- TASK TO CARRY OUT -
Your output should consist of the lines from the first line of the records below through the one with "And the master", exactly, minus the pictures.

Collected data
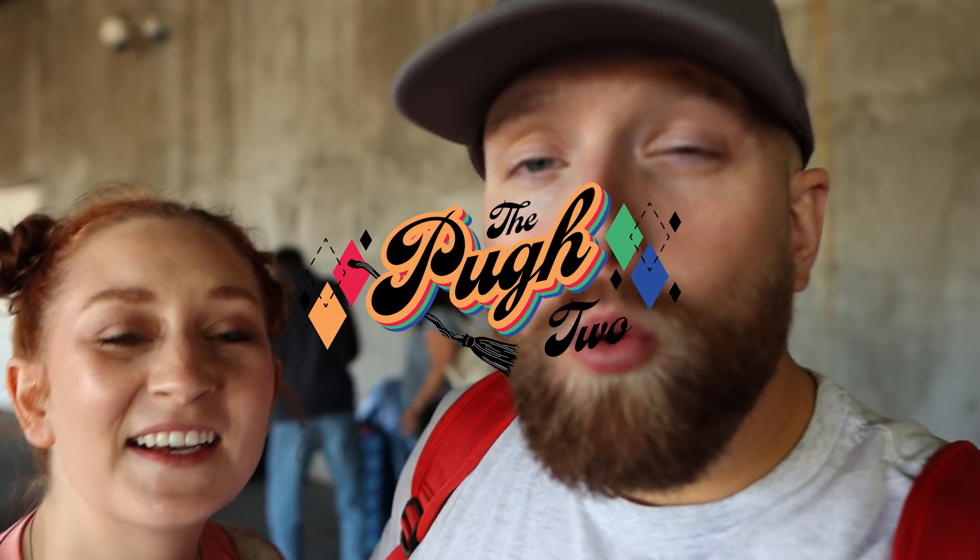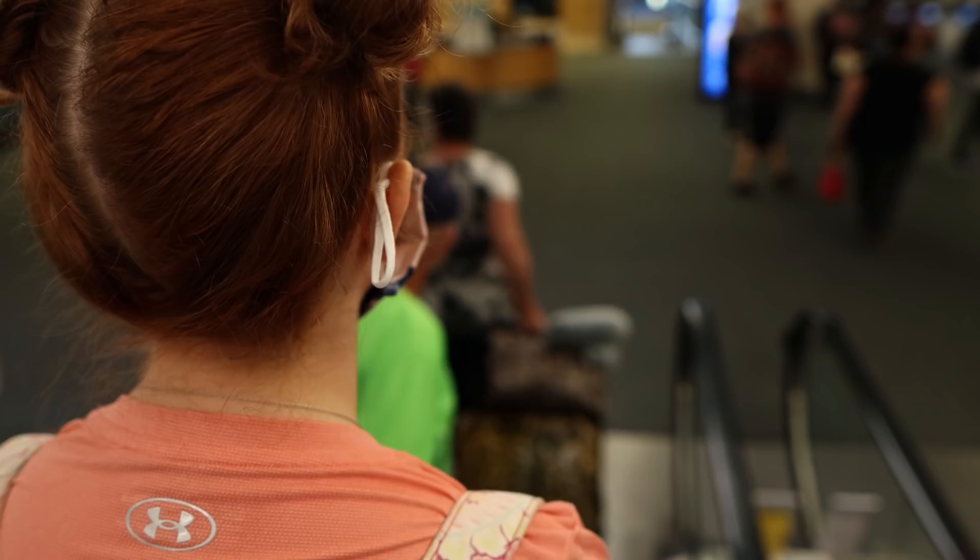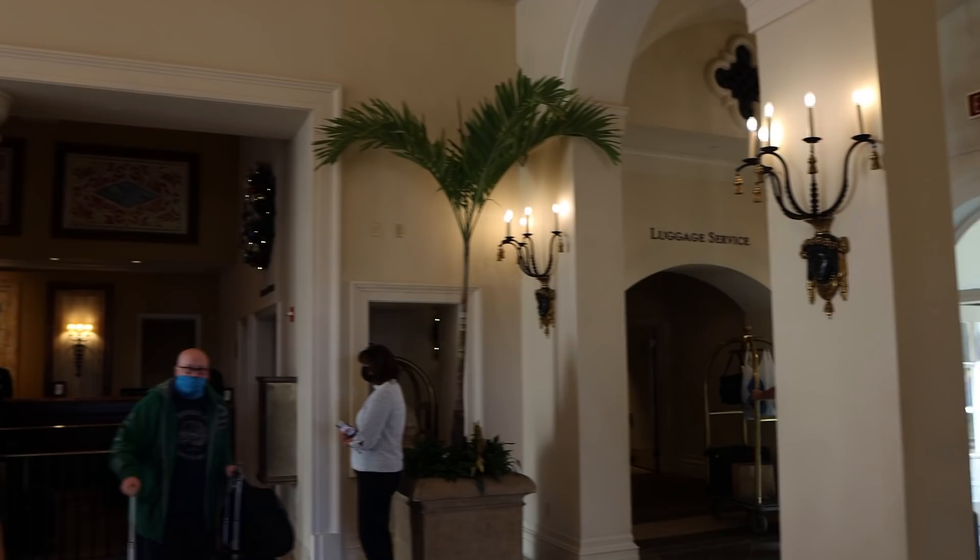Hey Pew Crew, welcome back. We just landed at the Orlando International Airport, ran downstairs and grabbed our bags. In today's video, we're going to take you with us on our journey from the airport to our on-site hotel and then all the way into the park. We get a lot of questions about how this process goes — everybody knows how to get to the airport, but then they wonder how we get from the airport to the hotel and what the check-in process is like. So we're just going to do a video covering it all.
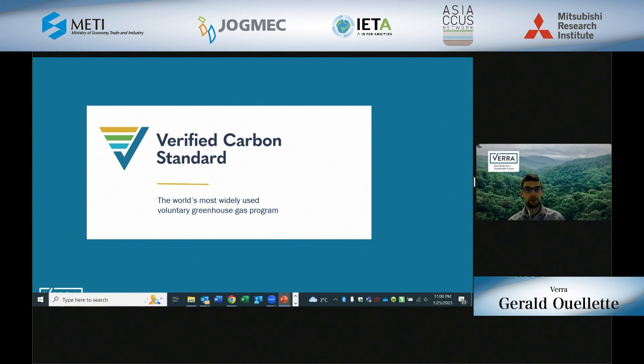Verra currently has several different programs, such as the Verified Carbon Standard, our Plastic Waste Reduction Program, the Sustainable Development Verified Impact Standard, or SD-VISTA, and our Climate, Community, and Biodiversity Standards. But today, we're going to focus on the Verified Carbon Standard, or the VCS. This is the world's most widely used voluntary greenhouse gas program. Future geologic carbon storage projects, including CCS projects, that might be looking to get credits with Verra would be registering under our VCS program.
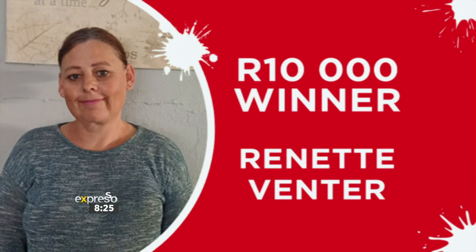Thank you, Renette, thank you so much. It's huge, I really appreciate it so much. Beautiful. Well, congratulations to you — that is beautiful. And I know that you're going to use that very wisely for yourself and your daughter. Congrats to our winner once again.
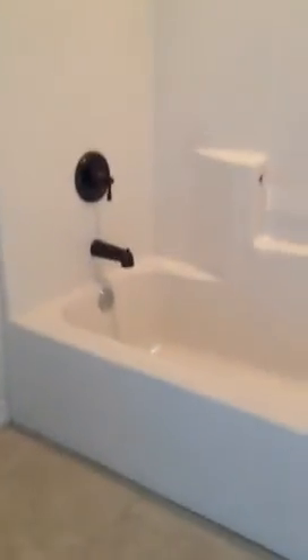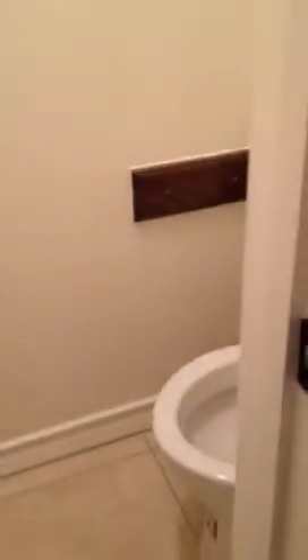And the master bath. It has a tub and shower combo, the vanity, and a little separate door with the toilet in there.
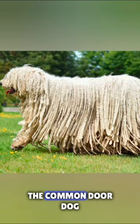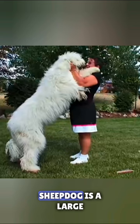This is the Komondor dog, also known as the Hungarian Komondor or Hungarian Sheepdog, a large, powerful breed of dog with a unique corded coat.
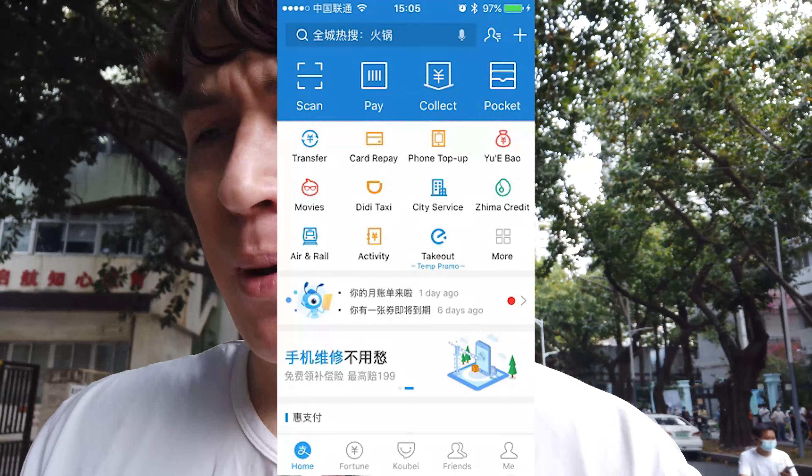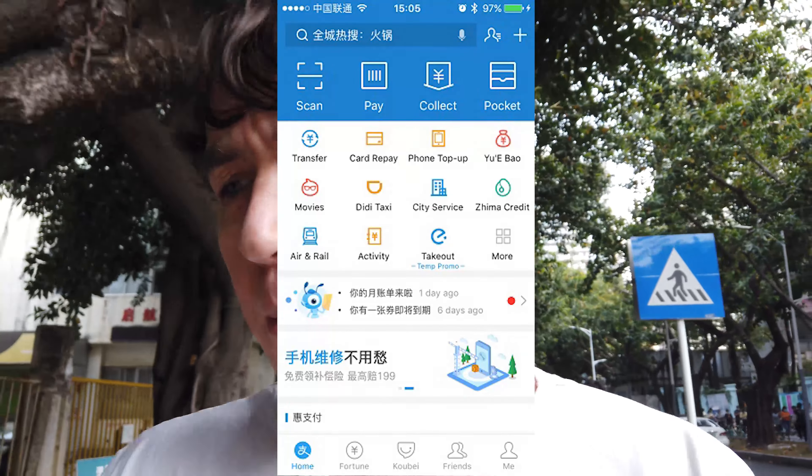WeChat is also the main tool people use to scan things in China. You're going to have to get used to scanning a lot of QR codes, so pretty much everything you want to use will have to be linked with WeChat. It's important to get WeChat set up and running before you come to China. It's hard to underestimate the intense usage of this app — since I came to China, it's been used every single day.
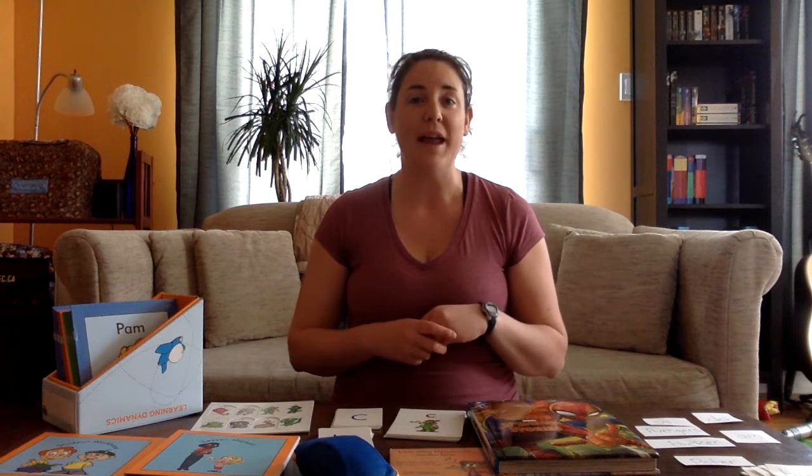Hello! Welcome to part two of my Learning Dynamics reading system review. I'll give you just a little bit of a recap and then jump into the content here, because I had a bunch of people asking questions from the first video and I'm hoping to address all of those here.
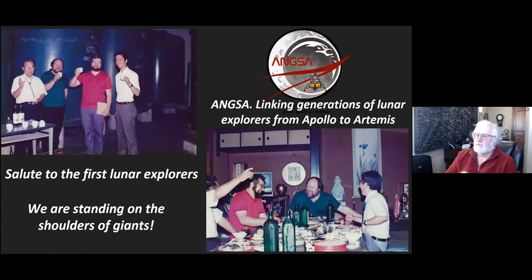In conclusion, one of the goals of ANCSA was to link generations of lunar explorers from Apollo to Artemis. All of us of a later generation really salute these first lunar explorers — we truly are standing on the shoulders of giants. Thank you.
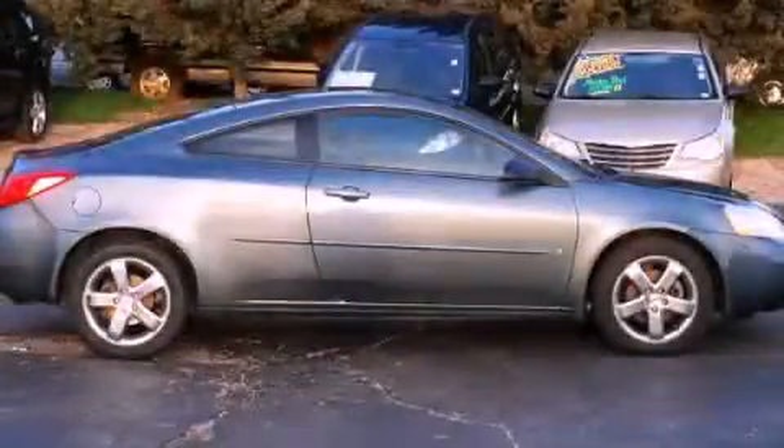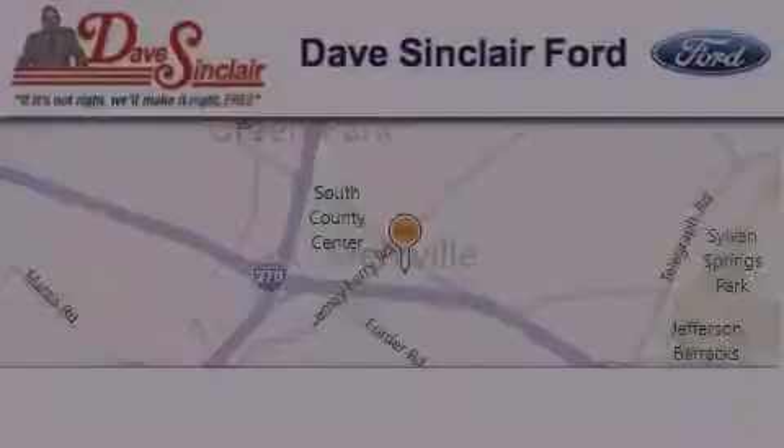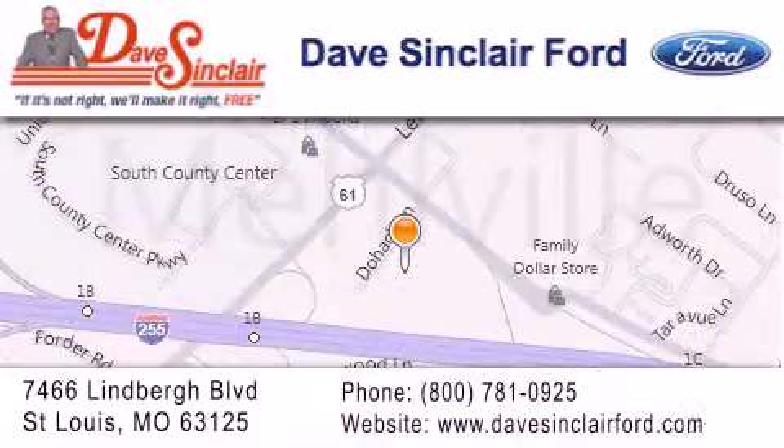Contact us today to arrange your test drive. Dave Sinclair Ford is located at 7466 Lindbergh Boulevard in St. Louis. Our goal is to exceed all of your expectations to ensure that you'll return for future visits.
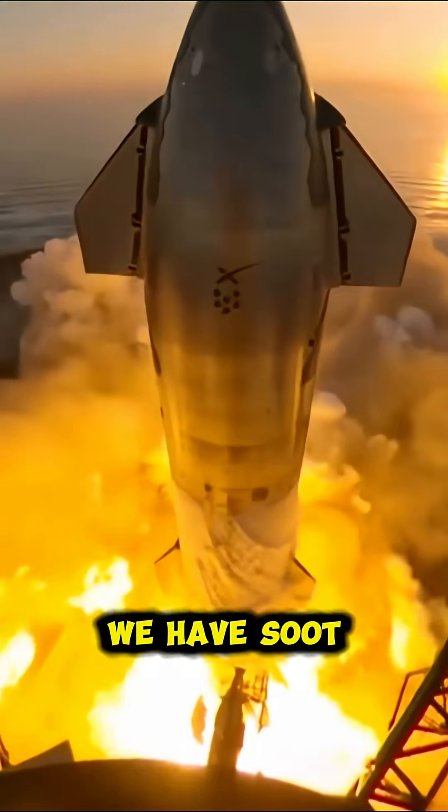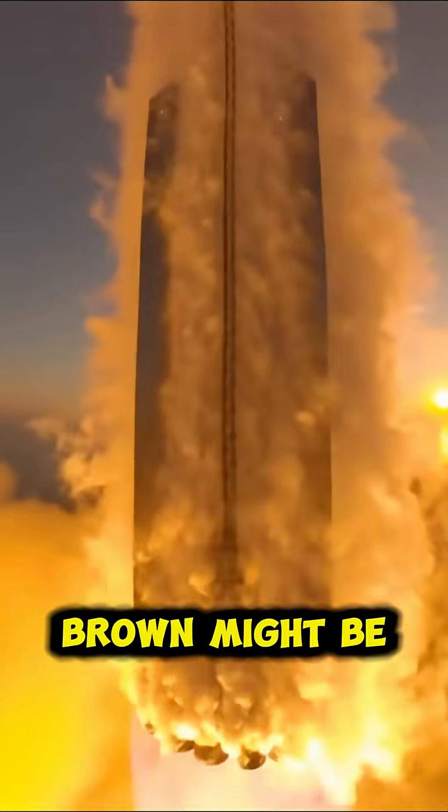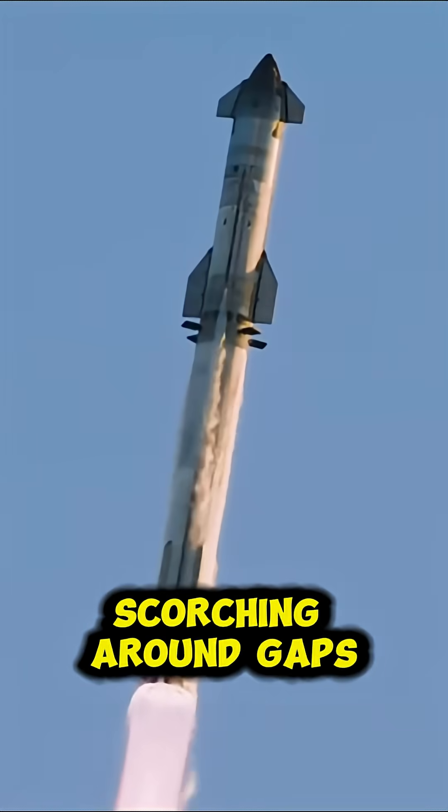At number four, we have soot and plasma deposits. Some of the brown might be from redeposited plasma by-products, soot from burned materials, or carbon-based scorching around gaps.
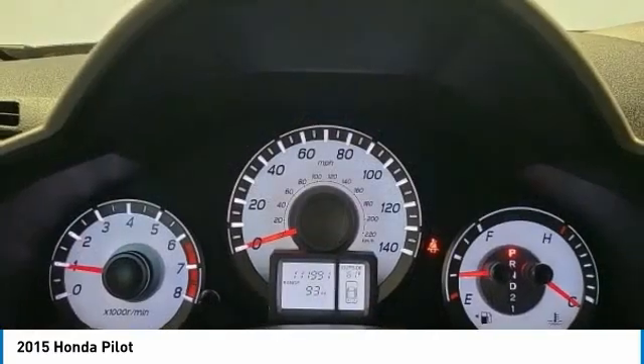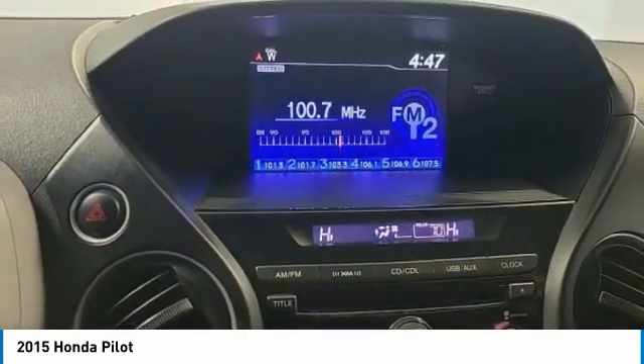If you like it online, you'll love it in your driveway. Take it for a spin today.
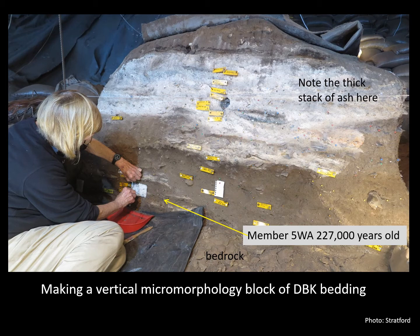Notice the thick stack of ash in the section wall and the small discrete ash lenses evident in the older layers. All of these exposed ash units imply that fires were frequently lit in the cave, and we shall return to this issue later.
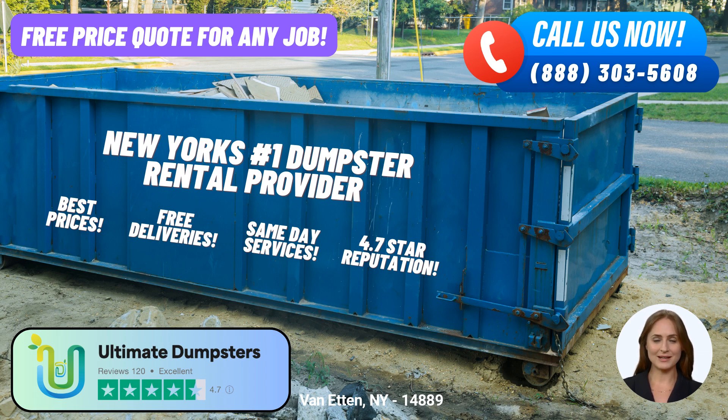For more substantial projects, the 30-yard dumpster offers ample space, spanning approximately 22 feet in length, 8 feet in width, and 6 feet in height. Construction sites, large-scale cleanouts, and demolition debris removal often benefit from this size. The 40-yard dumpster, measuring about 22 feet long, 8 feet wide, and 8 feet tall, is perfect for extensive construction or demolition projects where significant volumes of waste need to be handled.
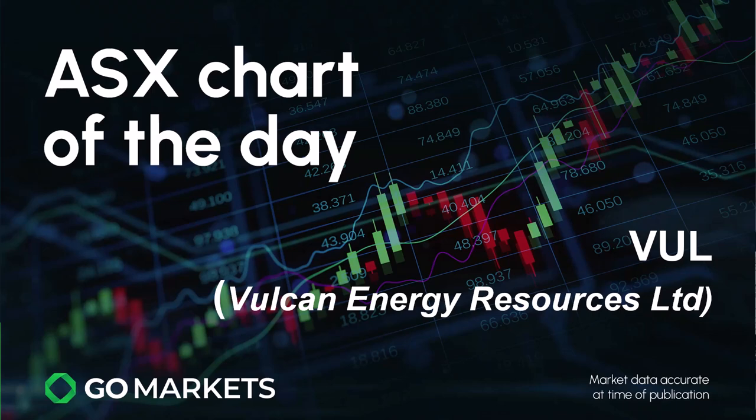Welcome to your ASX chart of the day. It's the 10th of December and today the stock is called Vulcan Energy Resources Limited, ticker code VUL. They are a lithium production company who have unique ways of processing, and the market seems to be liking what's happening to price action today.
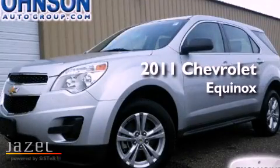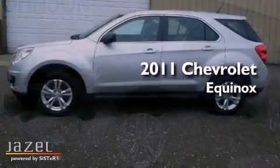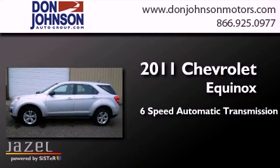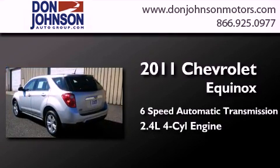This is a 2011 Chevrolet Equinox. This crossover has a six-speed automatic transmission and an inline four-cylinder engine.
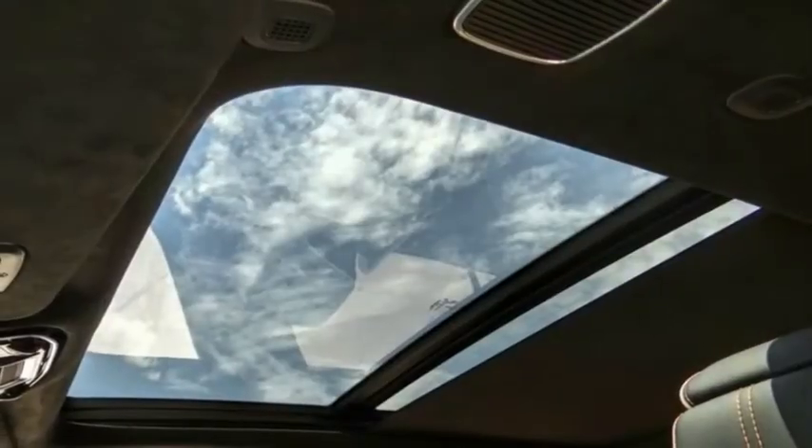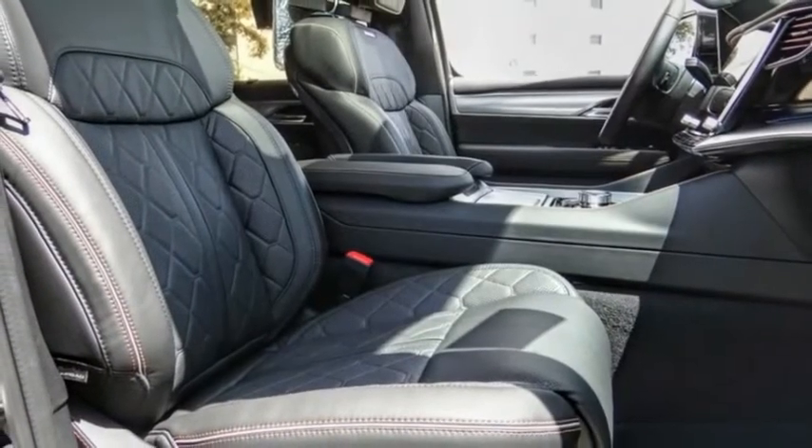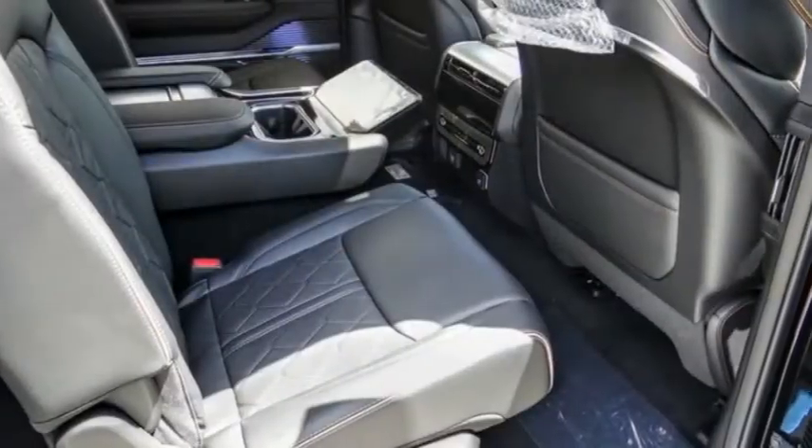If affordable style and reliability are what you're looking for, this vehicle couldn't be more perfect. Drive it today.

- EXERCISE OUTPUT -
Hey Pew Crew, welcome back. We just landed at the Orlando International Airport, ran downstairs and grabbed our bags. In today's video, we're going to take you with us on our journey from the airport to our on-site hotel and then all the way into the park. We get a lot of questions about how this process goes — everybody knows how to get to the airport, but then they wonder how we get from the airport to the hotel and what the check-in process is like. So we're just going to do a video covering it all.
Verra currently has several different programs, such as the Verified Carbon Standard, our Plastic Waste Reduction Program, the Sustainable Development Verified Impact Standard, or SD-VISTA, and our Climate, Community, and Biodiversity Standards. But today, we're going to focus on the Verified Carbon Standard, or the VCS. This is the world's most widely used voluntary greenhouse gas program. Future geologic carbon storage projects, including CCS projects, that might be looking to get credits with Verra would be registering under our VCS program.
Thank you, Renette, thank you so much. It's huge, I really appreciate it so much. Beautiful. Well, congratulations to you — that is beautiful. And I know that you're going to use that very wisely for yourself and your daughter. Congrats to our winner once again.
And the master bath. It has a tub and shower combo, the vanity, and a little separate door with the toilet in there.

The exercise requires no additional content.